→ **Collected material**:
______________________________
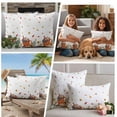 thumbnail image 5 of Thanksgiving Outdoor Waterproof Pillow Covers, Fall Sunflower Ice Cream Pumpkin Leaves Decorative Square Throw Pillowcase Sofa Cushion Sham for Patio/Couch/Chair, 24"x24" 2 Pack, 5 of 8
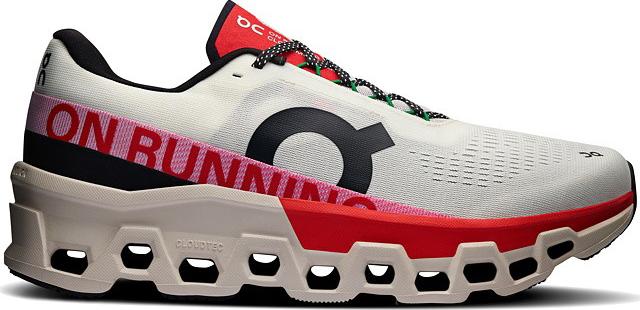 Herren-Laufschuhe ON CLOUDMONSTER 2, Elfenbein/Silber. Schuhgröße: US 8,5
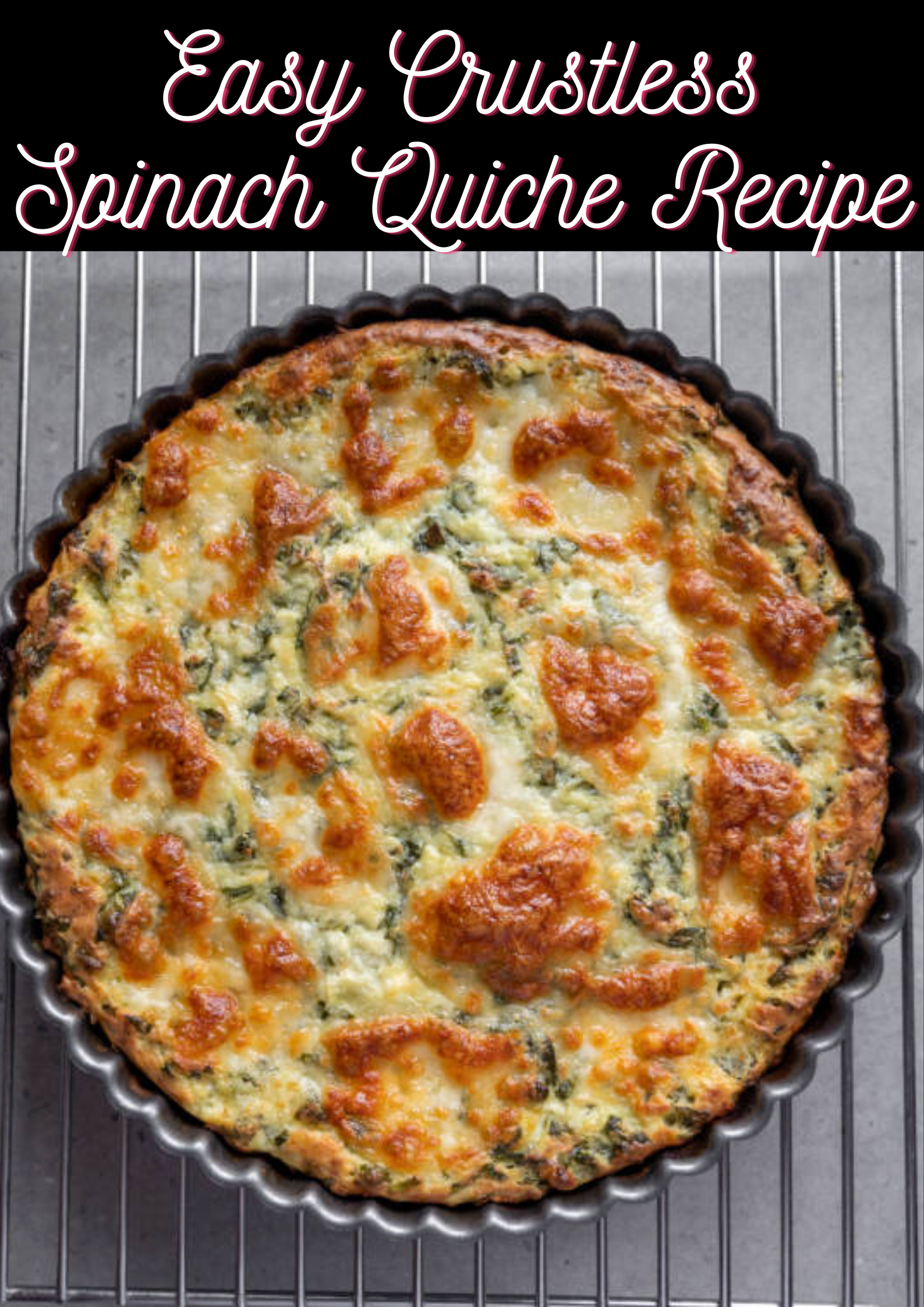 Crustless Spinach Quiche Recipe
______________________________
→ **Task statement**: The answer should contain every line of the material exactly as written and no pictures.

→ **Finished task**:
 thumbnail image 5 of Thanksgiving Outdoor Waterproof Pillow Covers, Fall Sunflower Ice Cream Pumpkin Leaves Decorative Square Throw Pillowcase Sofa Cushion Sham for Patio/Couch/Chair, 24"x24" 2 Pack, 5 of 8
 Herren-Laufschuhe ON CLOUDMONSTER 2, Elfenbein/Silber. Schuhgröße: US 8,5
 Crustless Spinach Quiche Recipe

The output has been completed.